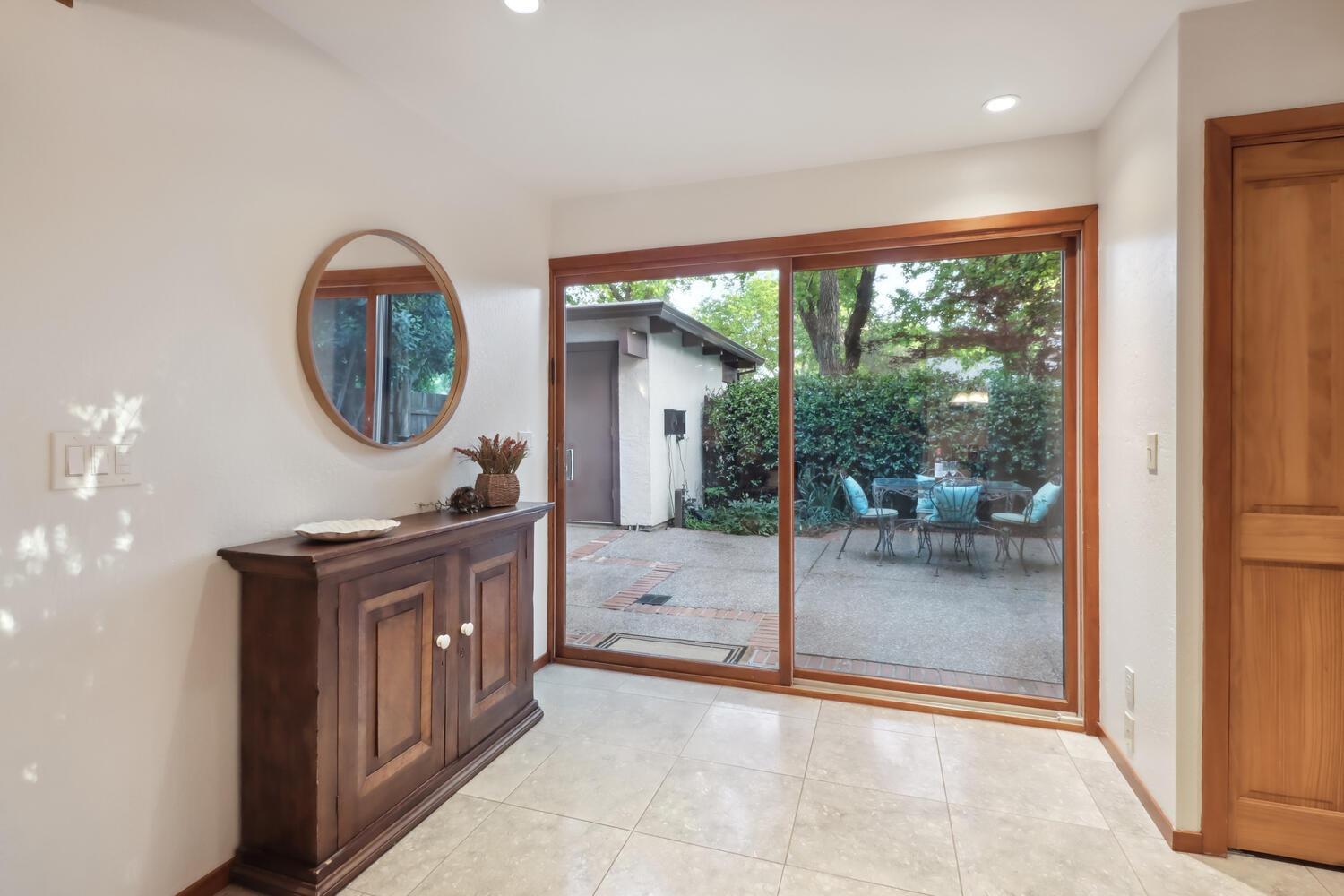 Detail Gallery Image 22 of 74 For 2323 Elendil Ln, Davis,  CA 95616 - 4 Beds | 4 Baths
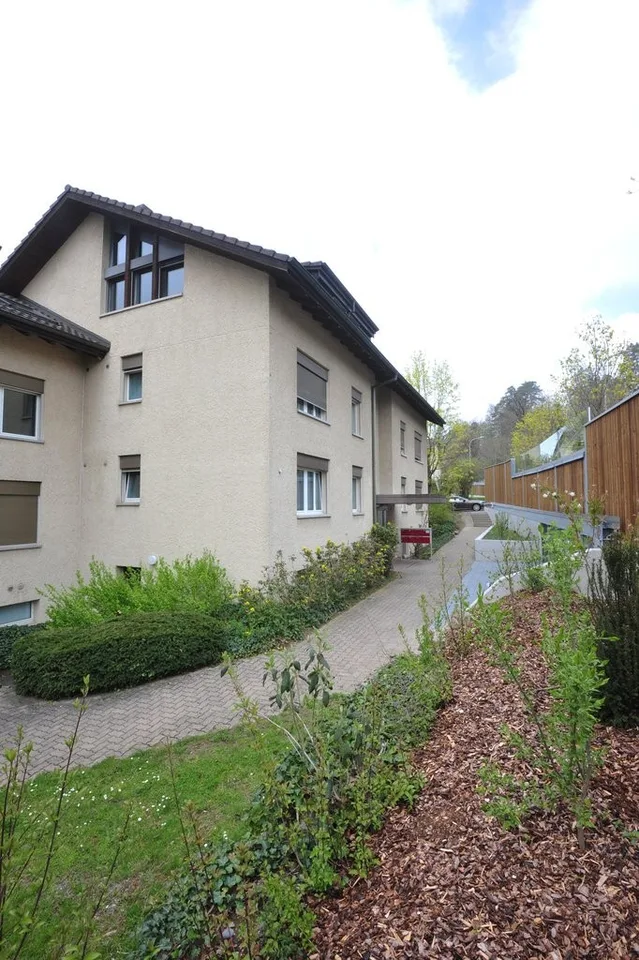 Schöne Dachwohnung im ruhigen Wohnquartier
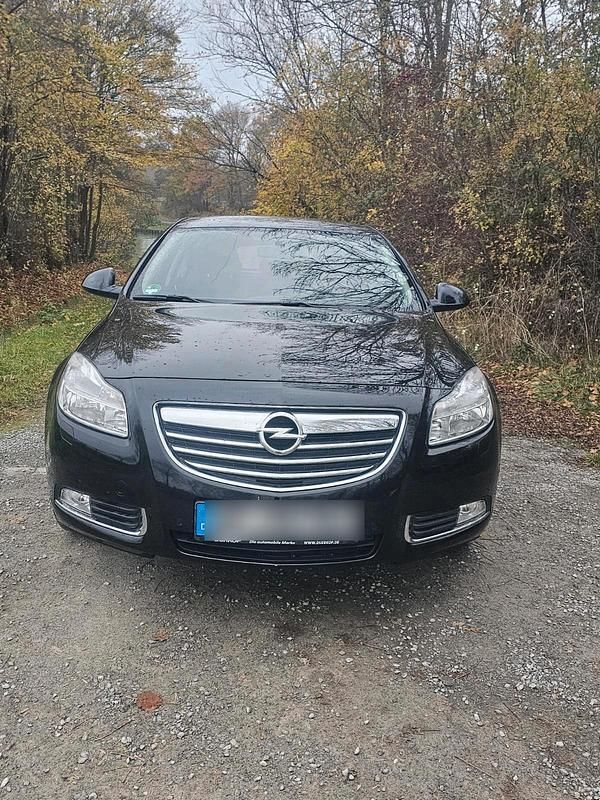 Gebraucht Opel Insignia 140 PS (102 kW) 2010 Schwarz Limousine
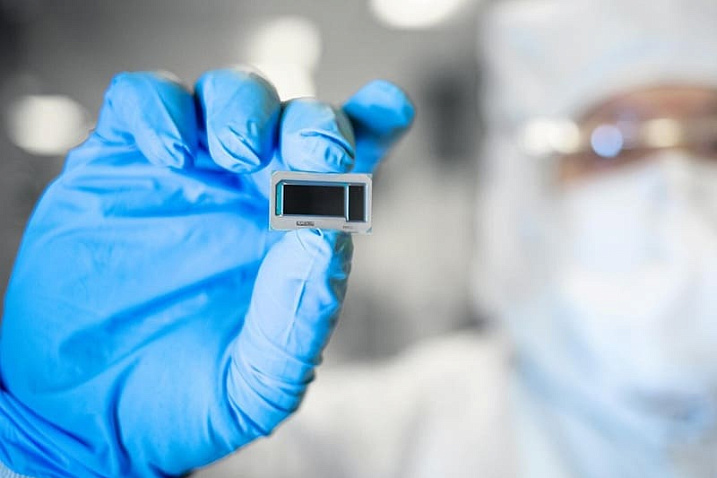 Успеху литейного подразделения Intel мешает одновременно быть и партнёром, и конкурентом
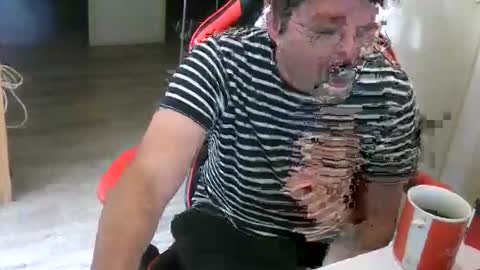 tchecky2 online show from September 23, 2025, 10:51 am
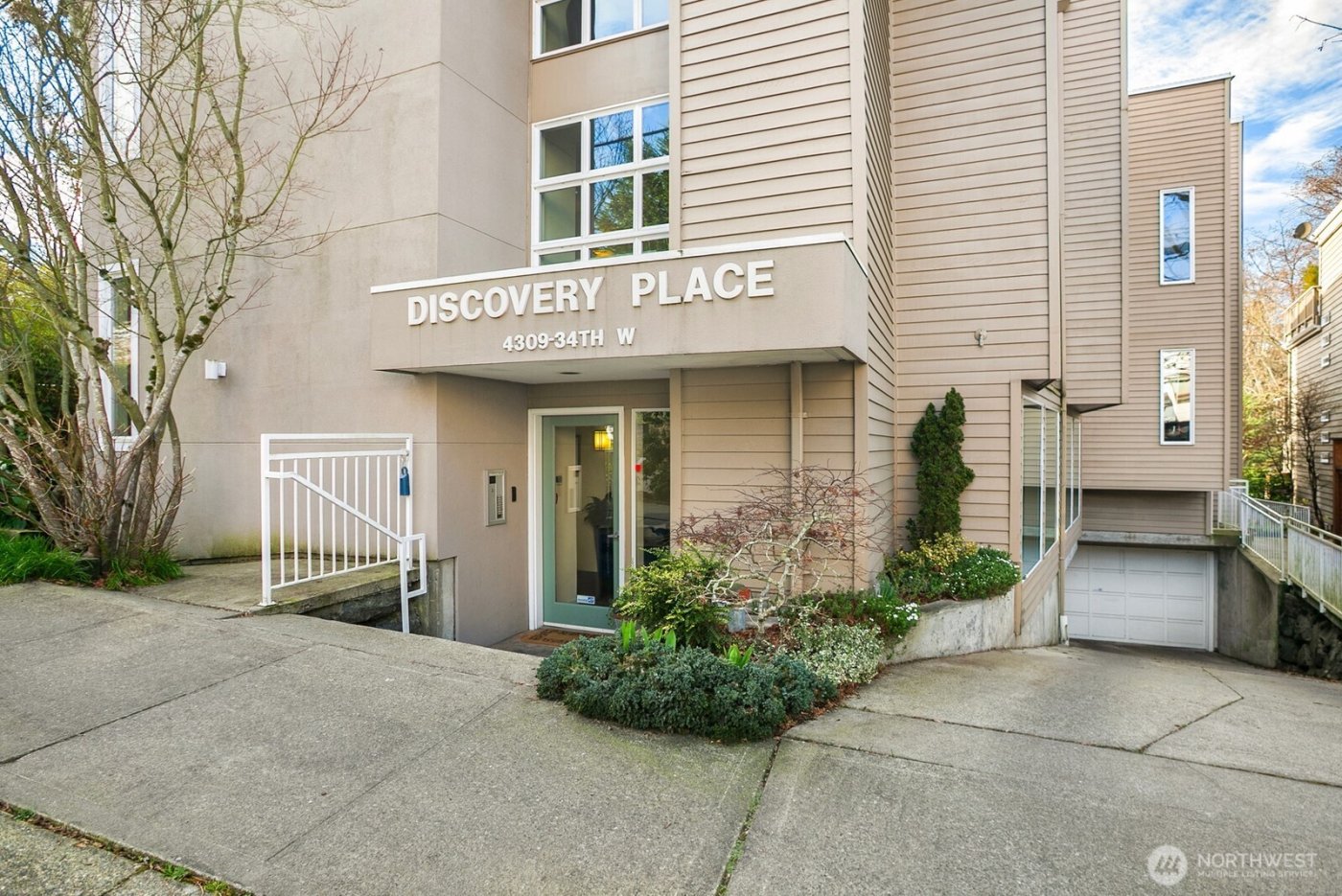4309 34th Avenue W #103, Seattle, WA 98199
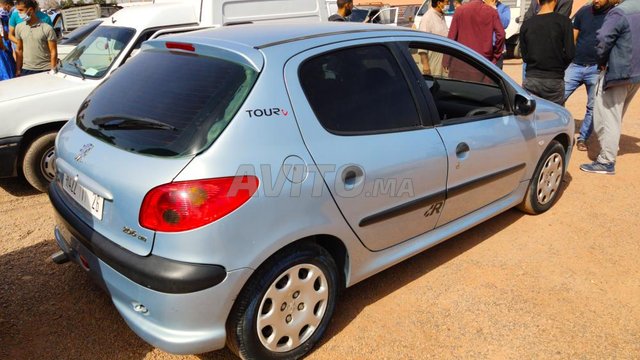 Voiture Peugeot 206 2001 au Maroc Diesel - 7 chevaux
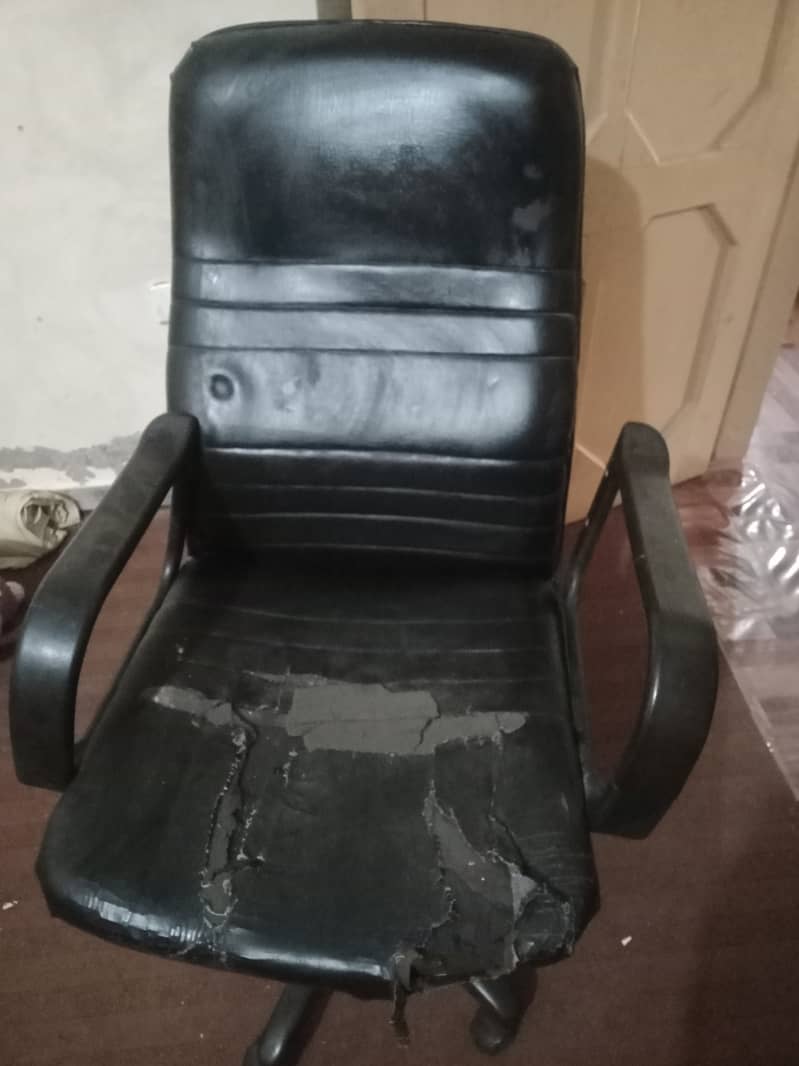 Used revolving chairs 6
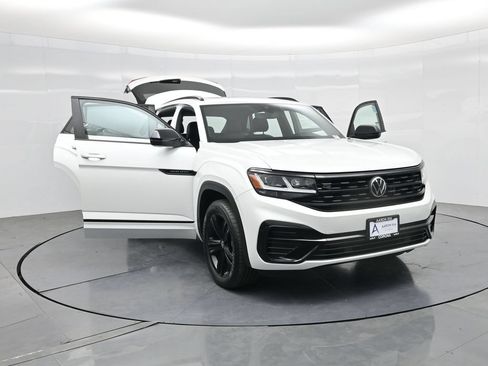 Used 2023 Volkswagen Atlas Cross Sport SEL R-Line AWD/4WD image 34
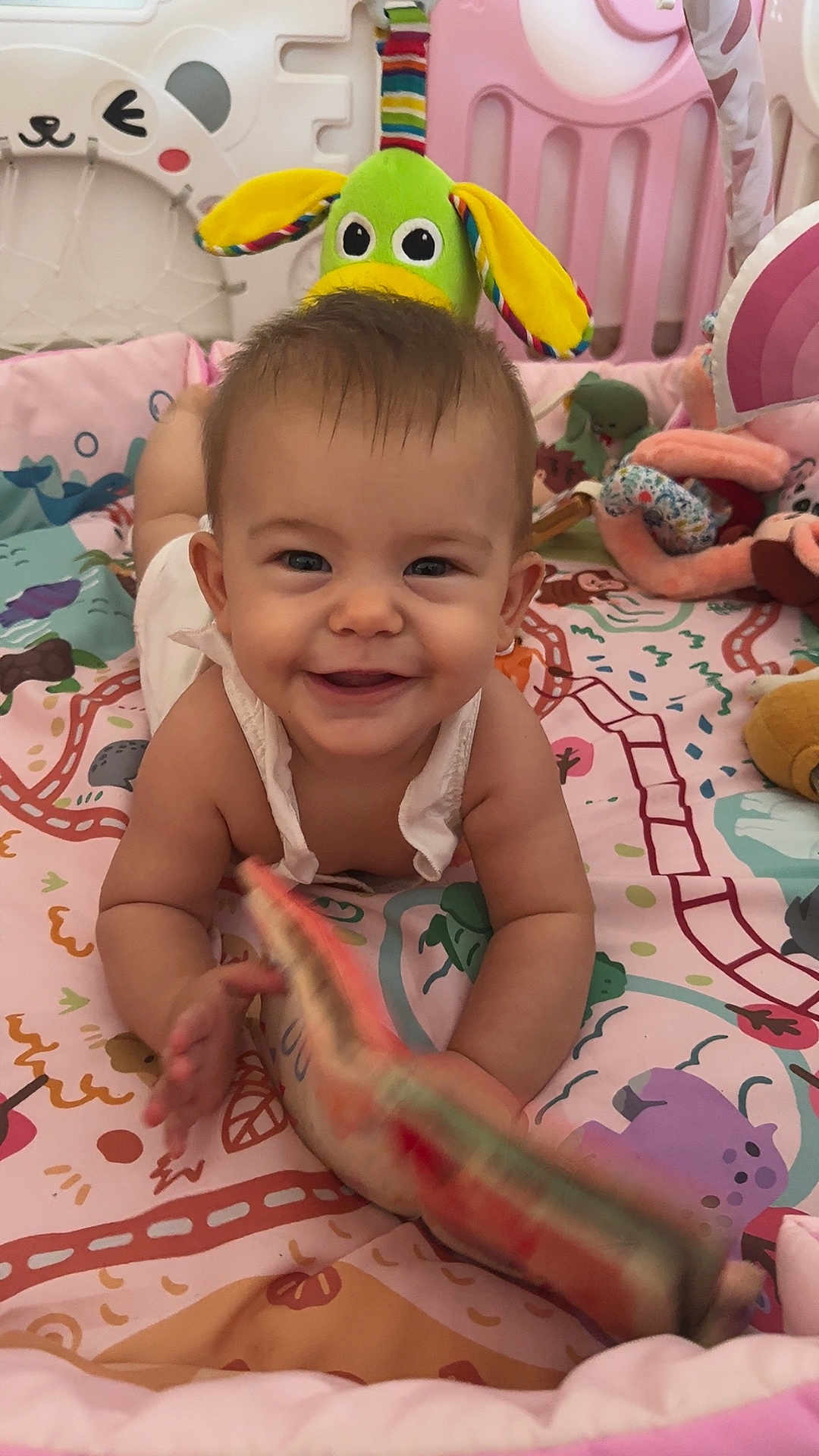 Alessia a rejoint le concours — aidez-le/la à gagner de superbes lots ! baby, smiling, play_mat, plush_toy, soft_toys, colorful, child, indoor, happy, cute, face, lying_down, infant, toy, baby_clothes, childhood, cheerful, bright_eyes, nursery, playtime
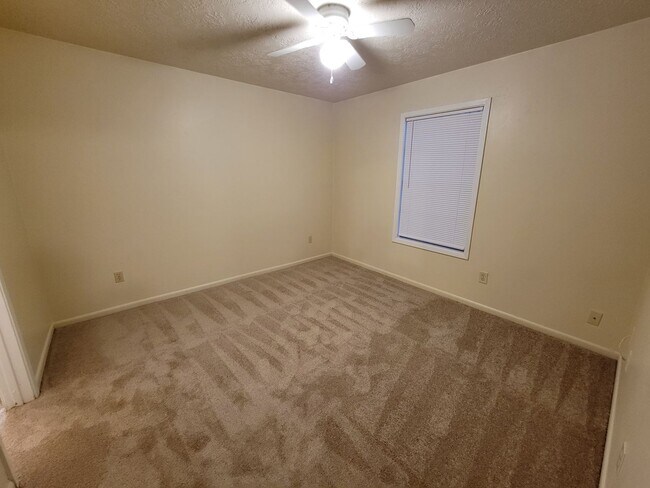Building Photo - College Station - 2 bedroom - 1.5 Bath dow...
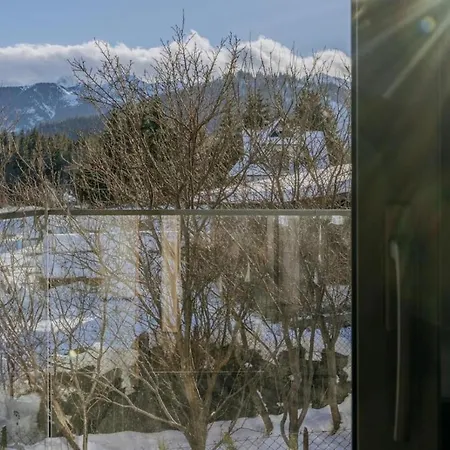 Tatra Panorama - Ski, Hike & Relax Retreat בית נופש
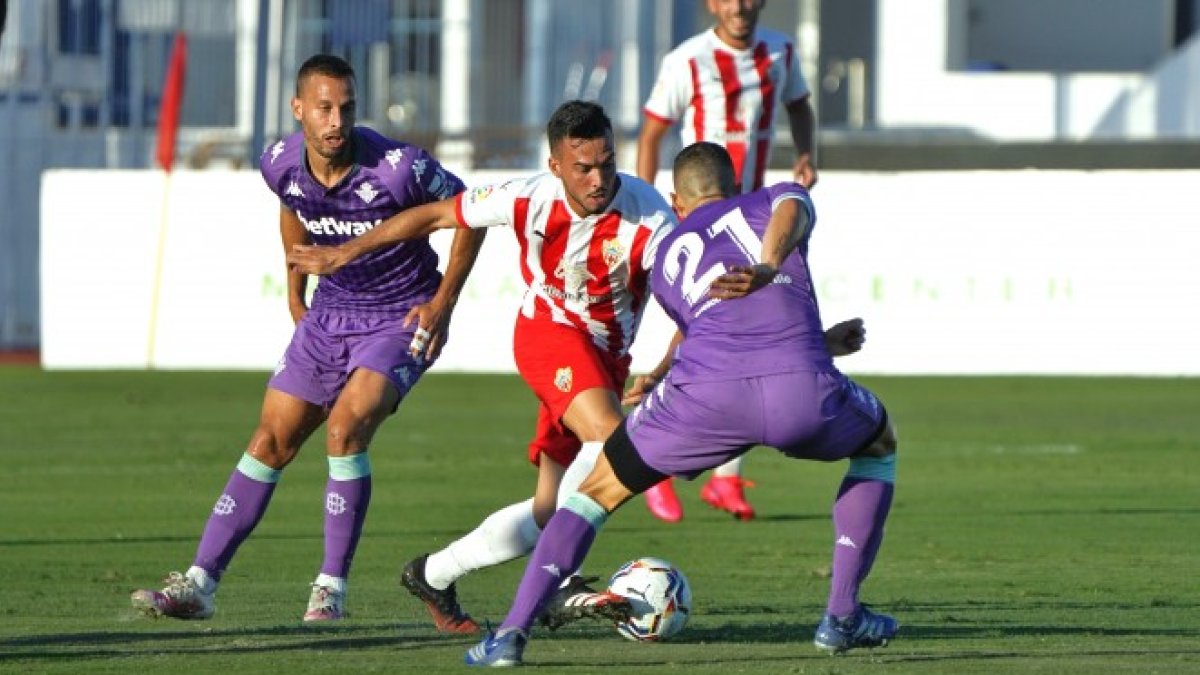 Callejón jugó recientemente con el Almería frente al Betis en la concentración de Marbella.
+ + + +
Your copy should run from the line that has "Schöne Dachwohnung im ruhigen Wohnquartier" through the last line above, exactly, with both ends in and pictures out.

 Schöne Dachwohnung im ruhigen Wohnquartier
 Gebraucht Opel Insignia 140 PS (102 kW) 2010 Schwarz Limousine
 Успеху литейного подразделения Intel мешает одновременно быть и партнёром, и конкурентом
 tchecky2 online show from September 23, 2025, 10:51 am
4309 34th Avenue W #103, Seattle, WA 98199
 Voiture Peugeot 206 2001 au Maroc Diesel - 7 chevaux
 Used revolving chairs 6
 Used 2023 Volkswagen Atlas Cross Sport SEL R-Line AWD/4WD image 34
 Alessia a rejoint le concours — aidez-le/la à gagner de superbes lots ! baby, smiling, play_mat, plush_toy, soft_toys, colorful, child, indoor, happy, cute, face, lying_down, infant, toy, baby_clothes, childhood, cheerful, bright_eyes, nursery, playtime
Building Photo - College Station - 2 bedroom - 1.5 Bath dow...
 Tatra Panorama - Ski, Hike & Relax Retreat בית נופש
 Callejón jugó recientemente con el Almería frente al Betis en la concentración de Marbella.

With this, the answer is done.